Sunday, July 24, 2016

How Monotony Has Affected Me

As I stepped out on the porch, Mitch in his cool, inimitable way, informed me of a hornets nest which had been constructed in one of the, fern lined, banks of the drive. I was full of surprise as I had walked and driven up and down past it for the last two week without recognition of its presence.  A bit disconcerting  because I have run into the same type of construction previously and suffered the consequences with great physical pain as discribed in a past entry here in my journal. This time I felt somewhat more responsible for not realizing the nest was present because the dogs, Daisy and Daphny are usually with me.  Most important is the fact that Michelle warms up on the drive before her early morning runs and the grandchildren walk past the nest on their way to hike the property or “woods.” Mitch’s information and showing me the exact location of the nest awakened me to the disheartening reality of all I fail to see around me.

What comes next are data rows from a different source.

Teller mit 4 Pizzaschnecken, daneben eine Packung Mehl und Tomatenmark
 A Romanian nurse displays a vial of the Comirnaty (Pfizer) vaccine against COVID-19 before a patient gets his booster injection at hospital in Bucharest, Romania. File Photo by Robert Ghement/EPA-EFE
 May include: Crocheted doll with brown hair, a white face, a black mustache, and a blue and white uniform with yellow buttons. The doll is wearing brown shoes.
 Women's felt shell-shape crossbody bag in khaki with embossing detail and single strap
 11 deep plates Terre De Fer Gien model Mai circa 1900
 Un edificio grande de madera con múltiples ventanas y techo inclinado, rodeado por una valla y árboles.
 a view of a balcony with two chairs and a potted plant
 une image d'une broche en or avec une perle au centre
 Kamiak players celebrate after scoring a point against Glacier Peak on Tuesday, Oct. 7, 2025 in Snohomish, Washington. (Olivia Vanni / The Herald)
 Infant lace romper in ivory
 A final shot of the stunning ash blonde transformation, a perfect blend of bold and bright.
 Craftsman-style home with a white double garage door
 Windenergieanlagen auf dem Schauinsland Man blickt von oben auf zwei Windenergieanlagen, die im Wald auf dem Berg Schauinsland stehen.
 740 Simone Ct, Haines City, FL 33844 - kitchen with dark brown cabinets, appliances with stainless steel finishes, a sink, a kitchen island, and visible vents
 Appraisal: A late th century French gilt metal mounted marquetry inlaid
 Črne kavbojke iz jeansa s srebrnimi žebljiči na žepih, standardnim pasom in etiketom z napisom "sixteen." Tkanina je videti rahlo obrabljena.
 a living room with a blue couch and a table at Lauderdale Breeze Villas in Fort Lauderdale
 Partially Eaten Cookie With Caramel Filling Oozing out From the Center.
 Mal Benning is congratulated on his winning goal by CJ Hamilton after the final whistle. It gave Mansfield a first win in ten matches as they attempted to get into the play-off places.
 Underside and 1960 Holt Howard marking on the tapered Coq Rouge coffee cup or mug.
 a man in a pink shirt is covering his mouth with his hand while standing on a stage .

As I visited the site the next morning at the breaking of light, I began to think about why I might not have noticed the site, especially since there were hundreds of hornets housed there. The reoccuring thought came to me that it was most likely the repetition of traveling up and down that corridor had had a way of lulling me to sleep. More than likely monotony had a way of robbing me of sight, or else leaving me in the stupor of disinterest. I had to admite that going past the gray nest, time and time again I was, most likely, focused on other things.  Now, giving further thought, some real life examples have become readily available. How many news stories do I need to hear about violence or suffering, racial oppression or injustice, before I fail to hear them at all? For that matter, how many stories about something small but positive do I really take in before I respond in boredom? How many times do I need to sit on the porch and see dozens of jet streams or see the vast array of birds from the same porch before the marvel of flight simply goes without notice?  Is it that I’ve learned to tolerate the repetitious by learning to operate on auto-pilot?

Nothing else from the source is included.